### WORK ITEM
All lines from the one that contains "- črn Premium" to the end of the data must be retyped exactly. Pictures are not retyped.

++++ EXERCISE DATA

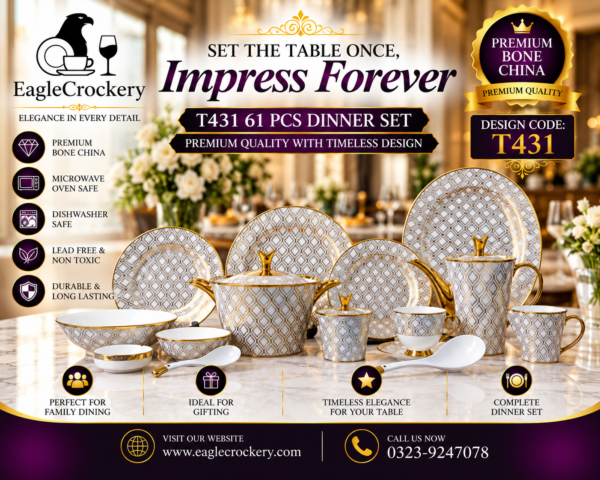 72 Pc Bone Dinner Set T431 (Electro plate)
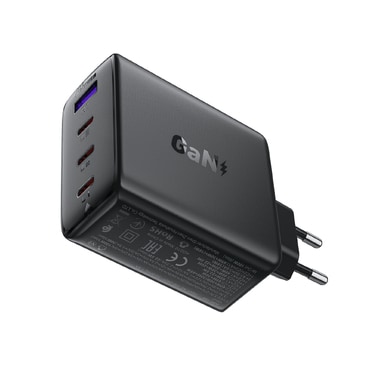 Premium stenski polnilni adapter Acefast "A94" z GaN tehnologijo, 1x USB-A in 3x USB-C izhodoma 100W - črn Premium stenski polnilni adapter Acefast "A94" z GaN tehnologijo, 1x USB-A in 3x USB-C izhodoma 100W - črn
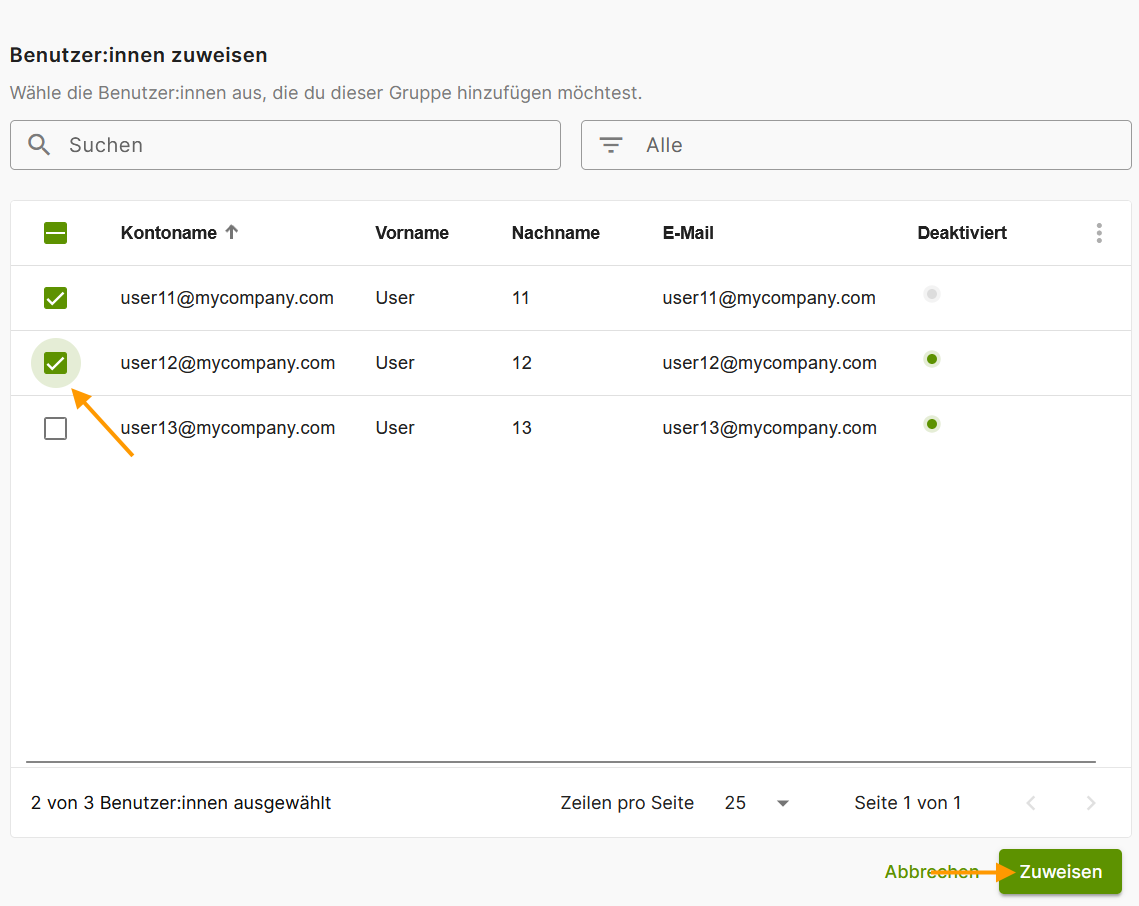 Benutzer zuweisen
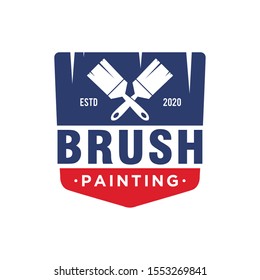 The Brush Painting Painter Service Work House Real Estate Blue Red Logo Simple Minimalist Design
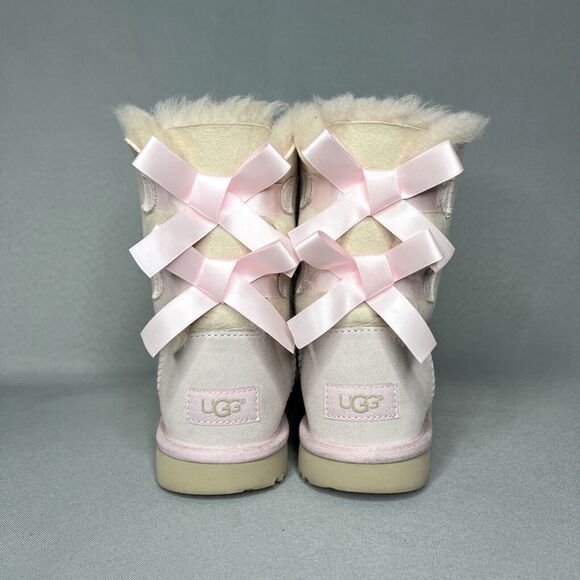 UGG Australia Other - Girls UGG Boots Bailey Bow Baby Pink Suede Wool Coquette Rare Collectors Sz 3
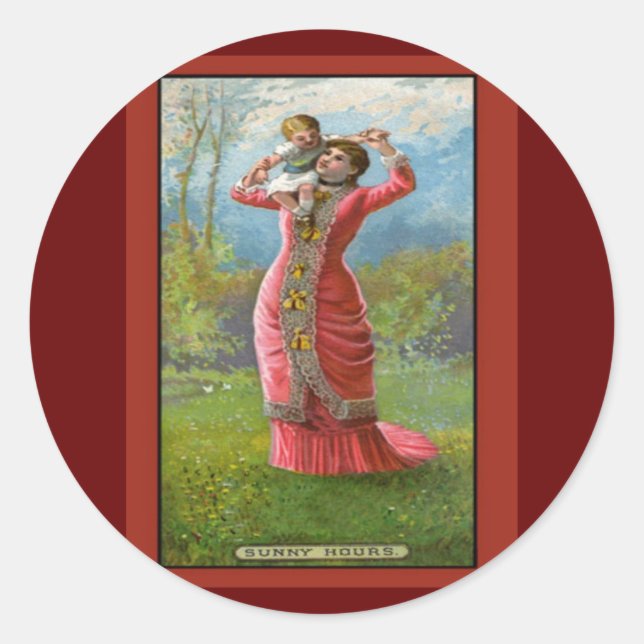Sticker Rond Fête vintage des mères Heures ensoleillées (Devant)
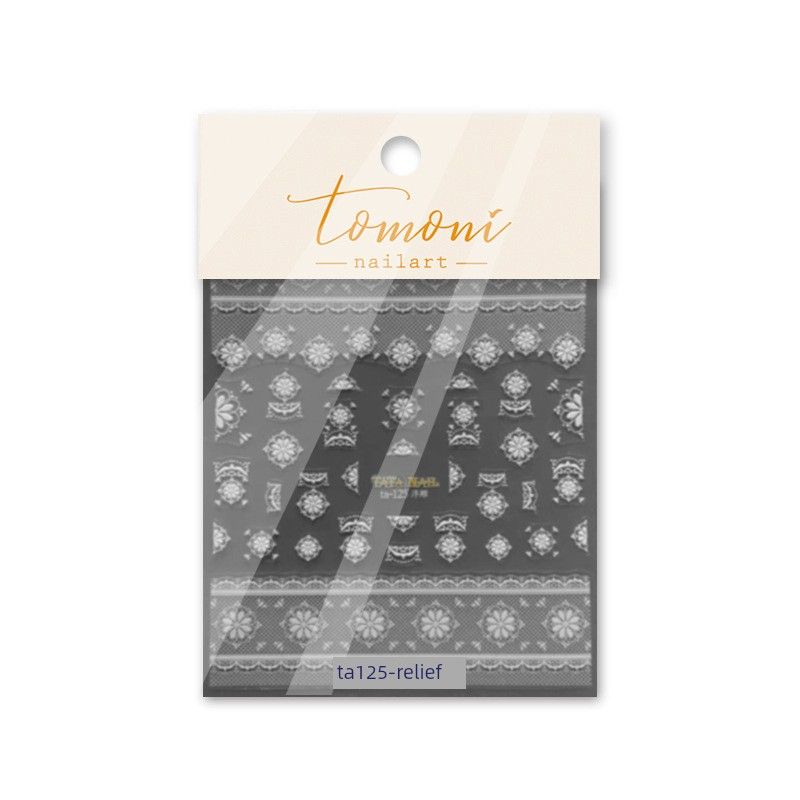 

Black and White Lace Tomoni Japanese Style Transparent Color Nail Sticker White Lace Flower 125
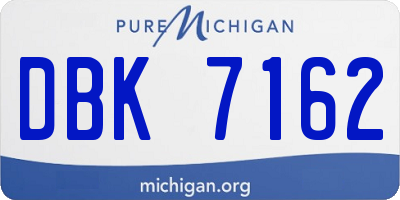MI license plate DBK7162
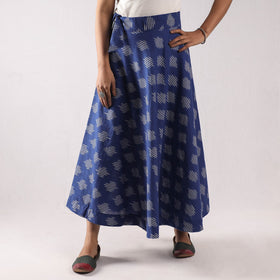 Blue - pochampally ikat cotton wrap around skirt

++++++++

### TASK RESULT
 Premium stenski polnilni adapter Acefast "A94" z GaN tehnologijo, 1x USB-A in 3x USB-C izhodoma 100W - črn Premium stenski polnilni adapter Acefast "A94" z GaN tehnologijo, 1x USB-A in 3x USB-C izhodoma 100W - črn
 Benutzer zuweisen
 The Brush Painting Painter Service Work House Real Estate Blue Red Logo Simple Minimalist Design
 UGG Australia Other - Girls UGG Boots Bailey Bow Baby Pink Suede Wool Coquette Rare Collectors Sz 3
Sticker Rond Fête vintage des mères Heures ensoleillées (Devant)

Black and White Lace Tomoni Japanese Style Transparent Color Nail Sticker White Lace Flower 125
MI license plate DBK7162
 Blue - pochampally ikat cotton wrap around skirt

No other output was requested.